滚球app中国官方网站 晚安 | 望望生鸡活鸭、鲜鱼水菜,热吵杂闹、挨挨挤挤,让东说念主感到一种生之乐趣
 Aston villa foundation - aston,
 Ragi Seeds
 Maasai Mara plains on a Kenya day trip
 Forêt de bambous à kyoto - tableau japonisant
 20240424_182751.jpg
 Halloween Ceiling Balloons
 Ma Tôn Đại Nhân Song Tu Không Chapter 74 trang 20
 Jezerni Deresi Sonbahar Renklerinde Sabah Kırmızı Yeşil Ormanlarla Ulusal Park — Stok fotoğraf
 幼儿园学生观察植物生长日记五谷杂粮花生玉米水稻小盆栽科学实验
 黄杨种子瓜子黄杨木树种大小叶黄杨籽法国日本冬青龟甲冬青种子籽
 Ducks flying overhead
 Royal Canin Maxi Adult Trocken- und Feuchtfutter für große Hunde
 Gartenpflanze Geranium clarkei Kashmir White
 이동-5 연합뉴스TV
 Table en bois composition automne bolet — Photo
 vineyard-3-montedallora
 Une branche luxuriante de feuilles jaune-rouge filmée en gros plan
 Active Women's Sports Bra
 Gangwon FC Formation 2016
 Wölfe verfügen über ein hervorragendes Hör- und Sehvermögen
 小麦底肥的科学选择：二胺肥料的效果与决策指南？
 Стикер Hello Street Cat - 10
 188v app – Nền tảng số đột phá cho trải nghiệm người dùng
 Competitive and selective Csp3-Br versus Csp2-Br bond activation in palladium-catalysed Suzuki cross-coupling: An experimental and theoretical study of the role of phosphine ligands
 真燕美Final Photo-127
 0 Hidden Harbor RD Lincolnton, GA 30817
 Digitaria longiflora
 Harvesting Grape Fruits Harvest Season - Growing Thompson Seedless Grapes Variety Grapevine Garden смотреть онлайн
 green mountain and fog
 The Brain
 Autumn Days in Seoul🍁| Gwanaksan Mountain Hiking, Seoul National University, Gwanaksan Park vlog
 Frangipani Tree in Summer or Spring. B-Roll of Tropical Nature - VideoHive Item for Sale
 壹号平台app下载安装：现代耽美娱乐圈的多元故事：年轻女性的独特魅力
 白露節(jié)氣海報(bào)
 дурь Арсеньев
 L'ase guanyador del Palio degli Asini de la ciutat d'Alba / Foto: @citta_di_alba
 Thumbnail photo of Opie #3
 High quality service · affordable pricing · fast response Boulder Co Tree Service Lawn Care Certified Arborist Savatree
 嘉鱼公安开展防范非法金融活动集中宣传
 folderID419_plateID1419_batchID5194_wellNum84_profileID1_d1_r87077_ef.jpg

○ ○ ○ ○

— Instructions for the task —
Write out the records above exactly, from the opening line to the line with "Ma Tôn Đại Nhân", including both, with nothing added.

— Result for this exercise —
滚球app中国官方网站 晚安 | 望望生鸡活鸭、鲜鱼水菜,热吵杂闹、挨挨挤挤,让东说念主感到一种生之乐趣
 Aston villa foundation - aston,
 Ragi Seeds
 Maasai Mara plains on a Kenya day trip
 Forêt de bambous à kyoto - tableau japonisant
 20240424_182751.jpg
 Halloween Ceiling Balloons
 Ma Tôn Đại Nhân Song Tu Không Chapter 74 trang 20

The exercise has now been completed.